Caption-style text data:
BEGIN
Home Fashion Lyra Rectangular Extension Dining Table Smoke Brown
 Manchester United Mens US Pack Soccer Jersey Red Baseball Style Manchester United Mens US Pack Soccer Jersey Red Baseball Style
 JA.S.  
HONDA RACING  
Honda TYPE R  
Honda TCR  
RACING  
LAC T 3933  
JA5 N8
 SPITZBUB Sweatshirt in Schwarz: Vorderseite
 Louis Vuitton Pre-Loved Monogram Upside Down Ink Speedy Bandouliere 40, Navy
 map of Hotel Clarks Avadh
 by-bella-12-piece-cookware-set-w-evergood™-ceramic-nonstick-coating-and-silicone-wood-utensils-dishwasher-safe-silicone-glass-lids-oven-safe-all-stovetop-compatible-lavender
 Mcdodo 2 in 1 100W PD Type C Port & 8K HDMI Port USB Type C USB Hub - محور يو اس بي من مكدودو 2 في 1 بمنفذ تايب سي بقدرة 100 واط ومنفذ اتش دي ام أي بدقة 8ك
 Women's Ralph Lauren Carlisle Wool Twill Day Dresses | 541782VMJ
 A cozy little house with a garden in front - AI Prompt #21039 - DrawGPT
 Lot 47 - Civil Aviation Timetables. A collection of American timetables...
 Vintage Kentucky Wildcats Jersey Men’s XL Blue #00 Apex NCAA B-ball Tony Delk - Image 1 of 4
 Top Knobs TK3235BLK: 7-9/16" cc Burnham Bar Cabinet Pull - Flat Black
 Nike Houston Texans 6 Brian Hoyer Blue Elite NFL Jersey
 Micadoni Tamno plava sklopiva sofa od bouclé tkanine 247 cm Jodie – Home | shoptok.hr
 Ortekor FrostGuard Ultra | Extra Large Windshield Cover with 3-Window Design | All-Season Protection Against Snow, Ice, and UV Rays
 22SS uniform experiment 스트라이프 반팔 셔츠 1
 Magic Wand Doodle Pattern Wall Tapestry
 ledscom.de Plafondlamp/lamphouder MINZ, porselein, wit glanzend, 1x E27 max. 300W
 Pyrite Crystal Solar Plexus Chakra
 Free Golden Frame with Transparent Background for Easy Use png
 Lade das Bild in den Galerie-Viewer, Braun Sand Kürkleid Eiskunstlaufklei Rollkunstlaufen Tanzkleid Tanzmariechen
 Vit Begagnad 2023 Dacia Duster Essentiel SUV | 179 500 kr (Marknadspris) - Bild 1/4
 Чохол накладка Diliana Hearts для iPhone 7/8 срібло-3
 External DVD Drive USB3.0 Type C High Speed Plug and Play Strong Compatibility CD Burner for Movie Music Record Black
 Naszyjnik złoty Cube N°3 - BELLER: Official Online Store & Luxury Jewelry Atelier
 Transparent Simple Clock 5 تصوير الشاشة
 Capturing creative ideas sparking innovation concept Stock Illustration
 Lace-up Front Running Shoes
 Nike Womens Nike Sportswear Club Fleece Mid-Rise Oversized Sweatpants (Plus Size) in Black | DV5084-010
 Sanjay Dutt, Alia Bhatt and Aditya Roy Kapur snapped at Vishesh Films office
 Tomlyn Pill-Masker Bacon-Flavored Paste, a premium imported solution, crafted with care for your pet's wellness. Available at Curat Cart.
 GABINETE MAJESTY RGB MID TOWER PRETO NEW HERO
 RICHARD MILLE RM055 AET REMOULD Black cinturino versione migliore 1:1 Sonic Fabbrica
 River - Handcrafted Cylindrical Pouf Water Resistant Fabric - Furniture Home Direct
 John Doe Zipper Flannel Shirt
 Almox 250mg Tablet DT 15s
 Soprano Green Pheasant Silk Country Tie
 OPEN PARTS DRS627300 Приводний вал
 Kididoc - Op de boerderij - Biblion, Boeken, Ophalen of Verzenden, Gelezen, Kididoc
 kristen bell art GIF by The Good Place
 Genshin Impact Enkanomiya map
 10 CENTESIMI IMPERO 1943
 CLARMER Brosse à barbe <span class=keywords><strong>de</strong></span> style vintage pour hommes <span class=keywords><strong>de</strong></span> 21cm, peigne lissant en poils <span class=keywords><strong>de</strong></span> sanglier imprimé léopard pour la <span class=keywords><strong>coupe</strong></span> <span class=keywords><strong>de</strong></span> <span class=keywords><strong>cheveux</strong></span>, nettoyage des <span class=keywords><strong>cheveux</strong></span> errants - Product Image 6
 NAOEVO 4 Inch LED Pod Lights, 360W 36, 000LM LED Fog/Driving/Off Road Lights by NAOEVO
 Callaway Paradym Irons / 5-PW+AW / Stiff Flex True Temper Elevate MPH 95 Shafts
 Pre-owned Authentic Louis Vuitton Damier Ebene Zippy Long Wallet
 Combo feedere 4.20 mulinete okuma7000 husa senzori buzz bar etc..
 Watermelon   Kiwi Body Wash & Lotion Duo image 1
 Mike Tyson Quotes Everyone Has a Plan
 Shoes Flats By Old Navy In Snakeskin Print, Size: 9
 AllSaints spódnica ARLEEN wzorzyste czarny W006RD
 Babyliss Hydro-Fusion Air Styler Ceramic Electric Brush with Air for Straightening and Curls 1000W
END
Your answer should consist of each line above in which "with" appears.

 A cozy little house with a garden in front - AI Prompt #21039 - DrawGPT
 Ortekor FrostGuard Ultra | Extra Large Windshield Cover with 3-Window Design | All-Season Protection Against Snow, Ice, and UV Rays
 Free Golden Frame with Transparent Background for Easy Use png
 Tomlyn Pill-Masker Bacon-Flavored Paste, a premium imported solution, crafted with care for your pet's wellness. Available at Curat Cart.
 Babyliss Hydro-Fusion Air Styler Ceramic Electric Brush with Air for Straightening and Curls 1000W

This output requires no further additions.